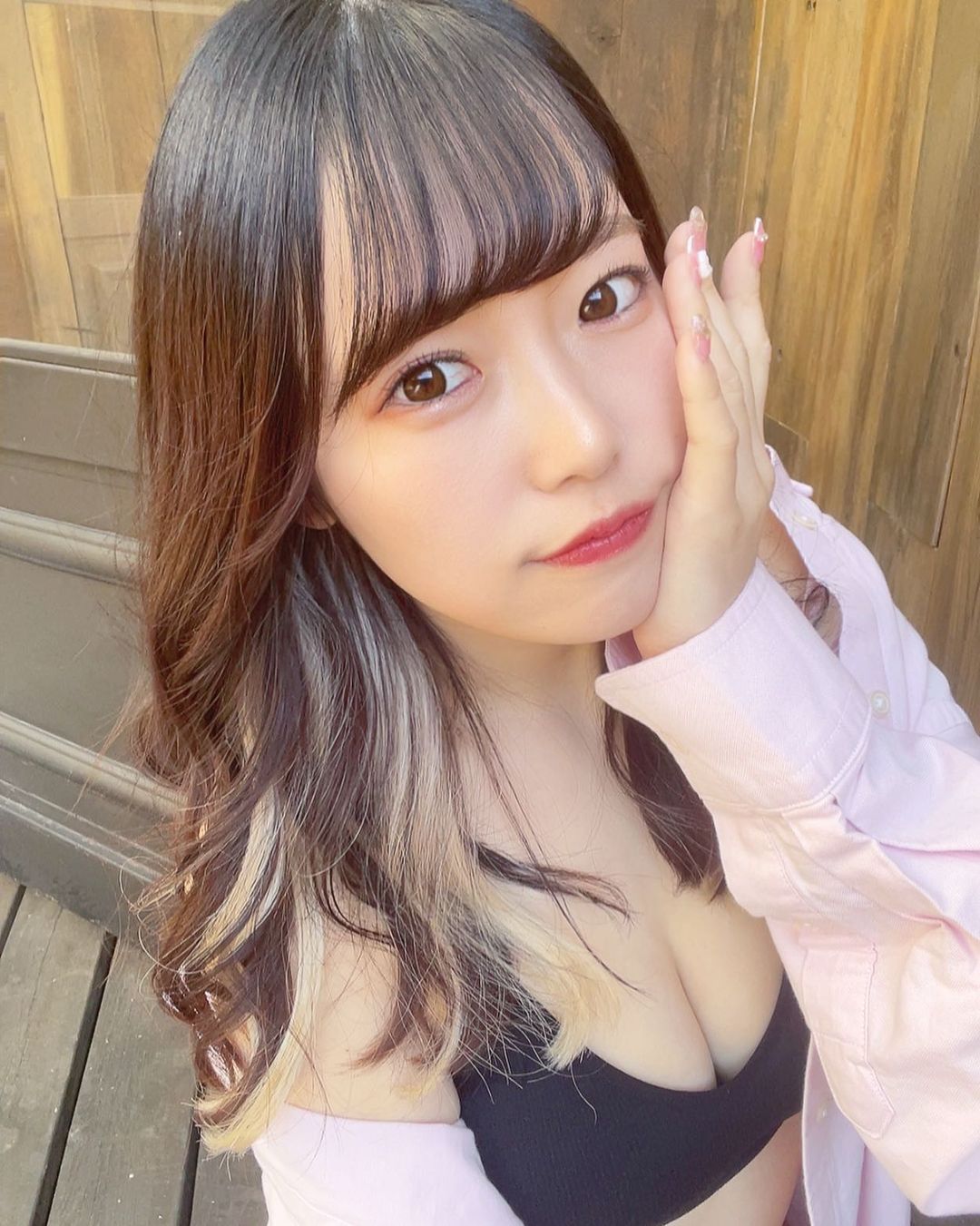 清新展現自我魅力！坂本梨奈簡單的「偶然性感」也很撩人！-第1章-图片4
...
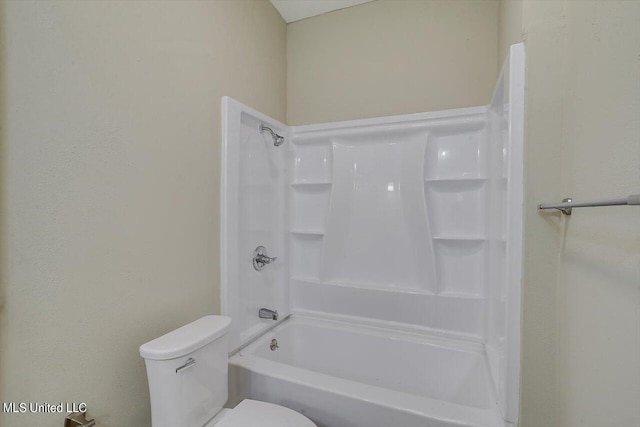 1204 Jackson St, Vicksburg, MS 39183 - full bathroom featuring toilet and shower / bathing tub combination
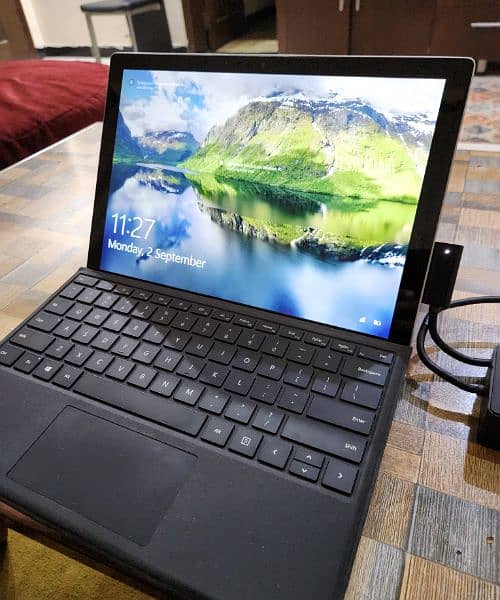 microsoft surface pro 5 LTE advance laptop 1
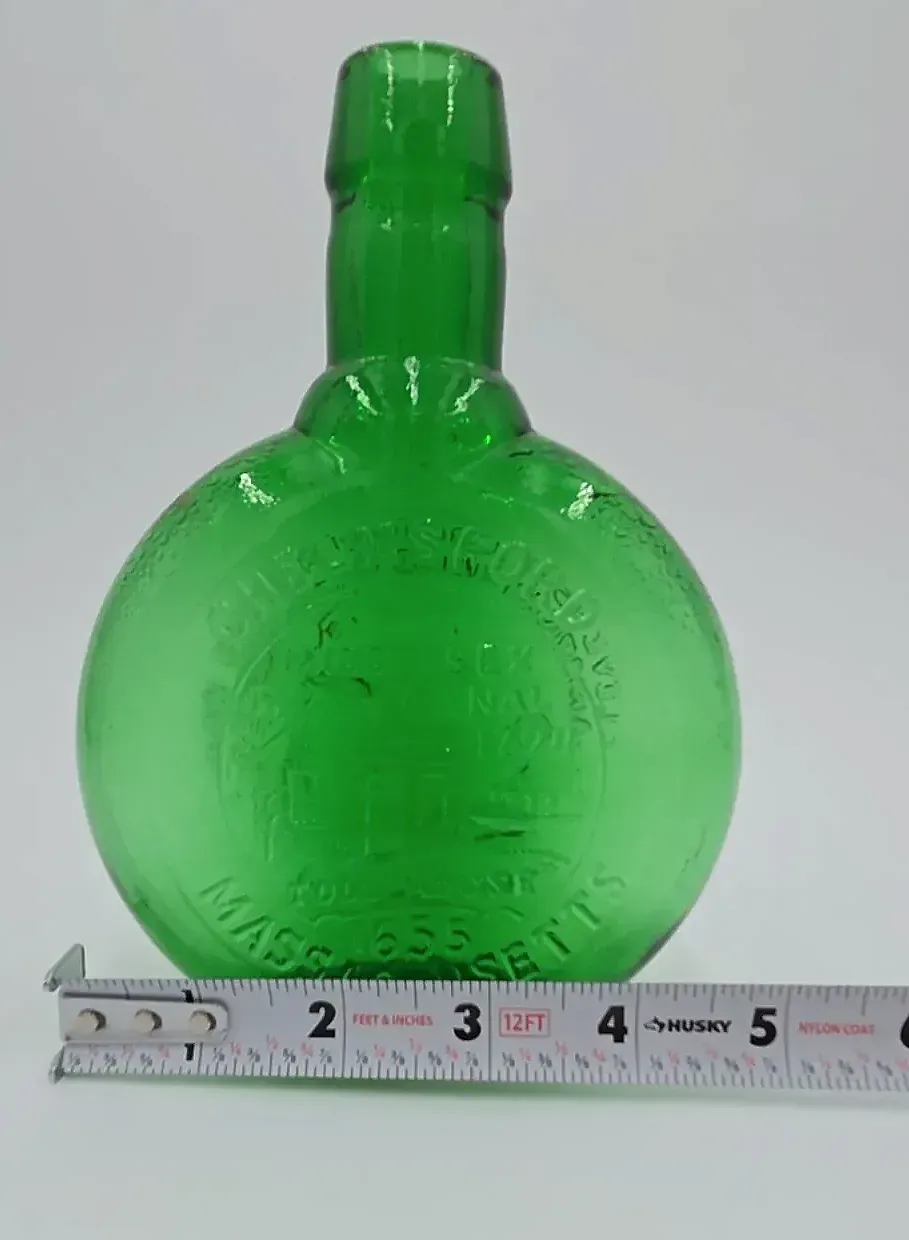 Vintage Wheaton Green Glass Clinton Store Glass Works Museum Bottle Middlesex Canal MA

■ **WHAT NEEDS TO BE DONE**:
Above are the records. Copy word for word only their lines from the one holding "1204 Jackson St, Vicksburg, MS" through the one holding "Vintage Wheaton Green", both included, and skip the images.

■ **RESPONSE AREA**:
 1204 Jackson St, Vicksburg, MS 39183 - full bathroom featuring toilet and shower / bathing tub combination
 microsoft surface pro 5 LTE advance laptop 1
 Vintage Wheaton Green Glass Clinton Store Glass Works Museum Bottle Middlesex Canal MA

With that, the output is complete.